Right now, I am building an application that has 2 million rows of data. It is centred around a lot of analytics around team productivity. I would like to increase how fast it is. I am already using redis as a cache, my database is postgres, I select only columns I need using flask Sqlalchemy and I have cut down a lot of the processing time already. But I am certain this can be faster. Where do I learn the design patterns for this? What do I use to figure out how to improve this application? How do I measure performance? How do I learn to build apps that achieve less than 300ms response time?
It will also be helpful to know what kind of hardware you are using for the database. How much RAM the machine has? Does the whole dataset fit in the RAM? If not, at least indexes should fit in the RAM.
Disk type: HDD/SSD?
Are you using indexes?
Did you check "explain analyze"[1] to check your query plans to ensure that the indexes are being used or not?

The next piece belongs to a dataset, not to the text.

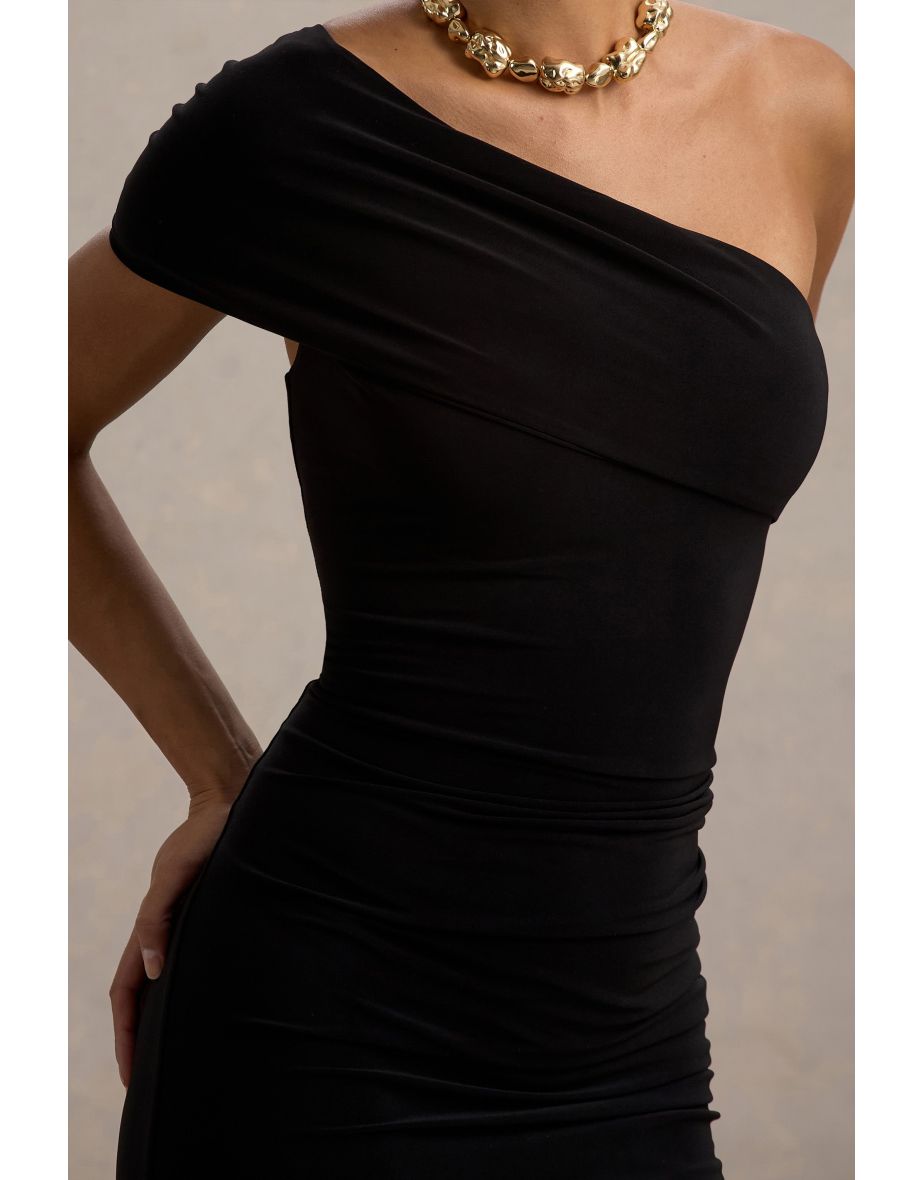 Alethea | Black Asymmetric Bardot Maxi Dress - 5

There are many things that affect database performance.
>> I want to build something that involves billions of rows of data. I want to know how to speed it up.
The key to this is "Shared nothing architecture" along with a Sharded Database. I have tried to explain this architecture here [2]. To understand Database sharding, I would recommend this Digital Ocean Article [3].
To learn more about highly scalable architectures I would suggest reading the real world architectures section [4] of the High Scalability Blog.
[1] https://thoughtbot.com/blog/reading-an-explain-analyze-query...
[2] https://mobisoftinfotech.com/resources/mguide/shared-nothing...
[3] https://www.digitalocean.com/community/tutorials/understandi...
Also in general, always query less data than more and then request more as needed. For example, lets say you are loading a table for users. You could have 2 million users in the database. Do you really want to query all 2 million at once even if you have optimized the code and hardware for it ? I would say No. Query may be a few hundred at once and then query more as needed.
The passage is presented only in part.